1. A method for preparing an accessory cell comprising the steps of i) providing a cell and ii) inhibiting in said cell the expression of one gene encoding for a Killer-Cell Immunoglobulin-like Receptor(s) (KIR) ligand.

2. The method according to claim. 1 which further comprises a step of inhibiting or reducing the MHC-I expression in said accessory cell.

3. The method according to claim 1 which further comprises a step of inhibiting the expression of ERK5 gene.

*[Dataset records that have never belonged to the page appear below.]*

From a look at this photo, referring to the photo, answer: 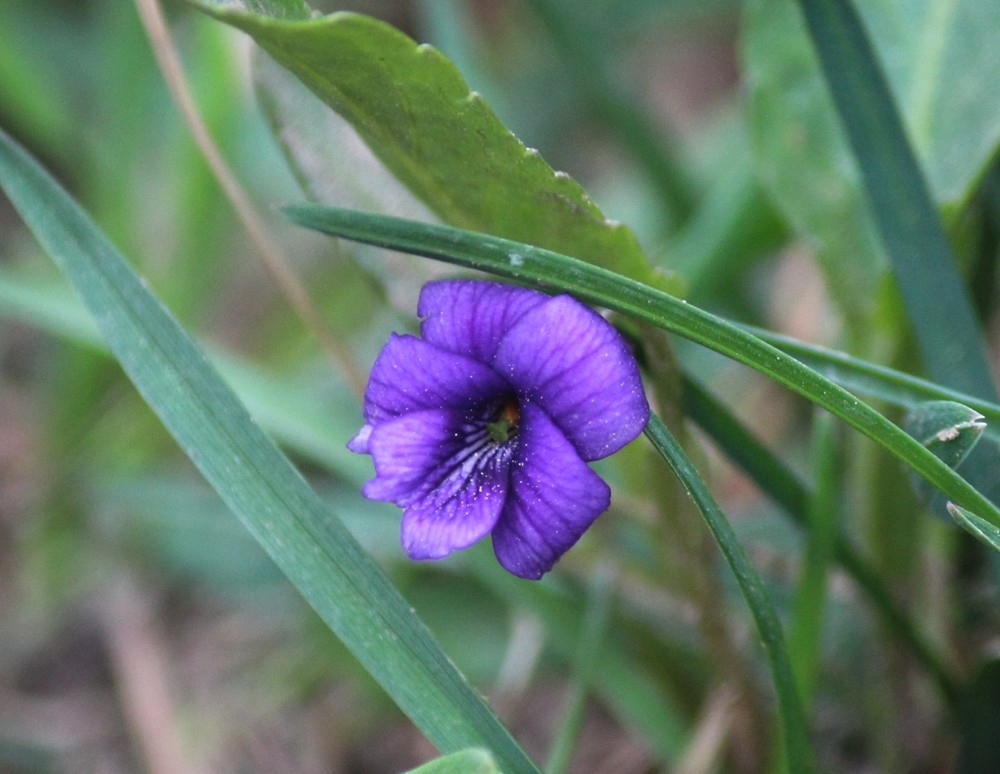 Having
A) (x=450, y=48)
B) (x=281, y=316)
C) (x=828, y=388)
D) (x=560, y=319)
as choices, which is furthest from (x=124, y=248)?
(x=828, y=388)

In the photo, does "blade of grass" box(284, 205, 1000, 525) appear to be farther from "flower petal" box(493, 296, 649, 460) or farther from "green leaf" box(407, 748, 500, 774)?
"green leaf" box(407, 748, 500, 774)

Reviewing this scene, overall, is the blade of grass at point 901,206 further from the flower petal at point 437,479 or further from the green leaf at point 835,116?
the flower petal at point 437,479

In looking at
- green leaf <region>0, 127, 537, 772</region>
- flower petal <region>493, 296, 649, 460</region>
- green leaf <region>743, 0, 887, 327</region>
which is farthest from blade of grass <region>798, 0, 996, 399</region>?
green leaf <region>0, 127, 537, 772</region>

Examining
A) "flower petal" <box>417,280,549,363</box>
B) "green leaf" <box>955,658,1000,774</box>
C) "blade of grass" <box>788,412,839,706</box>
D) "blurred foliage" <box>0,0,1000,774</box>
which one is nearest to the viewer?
"flower petal" <box>417,280,549,363</box>

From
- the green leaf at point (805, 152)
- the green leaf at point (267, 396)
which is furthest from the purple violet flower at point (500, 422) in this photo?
the green leaf at point (267, 396)

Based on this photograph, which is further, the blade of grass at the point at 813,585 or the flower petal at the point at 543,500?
the blade of grass at the point at 813,585

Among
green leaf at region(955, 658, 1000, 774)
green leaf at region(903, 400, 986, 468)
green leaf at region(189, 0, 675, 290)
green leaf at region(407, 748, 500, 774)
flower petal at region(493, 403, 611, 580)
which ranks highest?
green leaf at region(189, 0, 675, 290)

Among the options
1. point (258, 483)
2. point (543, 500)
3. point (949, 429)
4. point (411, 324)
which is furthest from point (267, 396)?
point (949, 429)

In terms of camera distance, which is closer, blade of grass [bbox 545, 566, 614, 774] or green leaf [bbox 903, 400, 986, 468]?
green leaf [bbox 903, 400, 986, 468] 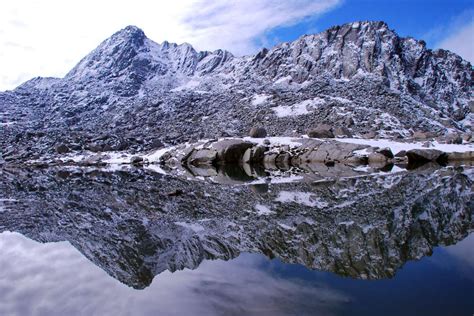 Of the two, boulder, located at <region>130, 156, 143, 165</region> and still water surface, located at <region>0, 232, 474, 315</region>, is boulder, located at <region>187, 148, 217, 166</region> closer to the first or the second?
boulder, located at <region>130, 156, 143, 165</region>

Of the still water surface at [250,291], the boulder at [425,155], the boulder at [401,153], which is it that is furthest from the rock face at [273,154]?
the still water surface at [250,291]

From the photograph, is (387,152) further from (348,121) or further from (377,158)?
(348,121)

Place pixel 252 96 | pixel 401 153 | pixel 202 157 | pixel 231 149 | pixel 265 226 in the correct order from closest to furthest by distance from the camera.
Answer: pixel 265 226 < pixel 401 153 < pixel 231 149 < pixel 202 157 < pixel 252 96

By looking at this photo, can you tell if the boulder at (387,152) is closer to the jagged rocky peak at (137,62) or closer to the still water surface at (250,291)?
the still water surface at (250,291)

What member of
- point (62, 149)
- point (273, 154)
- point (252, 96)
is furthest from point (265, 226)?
point (252, 96)

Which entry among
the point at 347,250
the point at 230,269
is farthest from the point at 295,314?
the point at 347,250

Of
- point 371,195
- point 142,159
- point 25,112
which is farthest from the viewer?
point 25,112

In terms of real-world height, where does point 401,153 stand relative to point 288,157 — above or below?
above

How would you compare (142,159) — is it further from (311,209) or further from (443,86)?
(443,86)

4. The method according to claim 1 which further comprises a step of immortalizing said accessory cell.

5. An accessory cell obtained by the steps of i) providing a cell and ii) inhibiting in said cell the expression of one gene encoding for a Killer-Cell Immunoglobulin-like Receptor(s) (KIR) ligand.

6. An in vitro or ex vivo method for preparing activated natural killer (NK) cells, comprising the steps

(i) contacting living NK cells with at least one accessory cell obtained by the steps of a) providing a cell and b) inhibiting in said cell the expression of one gene encoding for a Killer-Cell Immunoglobulin-like Receptor(s) (KIR) ligand, wherein said step of contacting is performed under conditions and for a duration sufficient to induce activation of the NK cells; and

(ii) recovering said activated NK cells.

7. A population of activated NK cells obtained by

(ii) recovering said activated NK cells.

8. (canceled)

9. A method of treating cancer, infectious diseases or dysimmune diseases in a subject in need thereof, comprising

providing at least one accessory cell by inhibiting in at least one cell the expression of one gene encoding for a Killer-Cell Immunoglobulin-like Receptor(s) (KIR) ligand;

contacting living natural killer (NK) cells with said at least one accessory cell under conditions and for a duration sufficient to induce activation of the NK cells;

recovering activated NK cells; and.

administering said NK cells to said subject.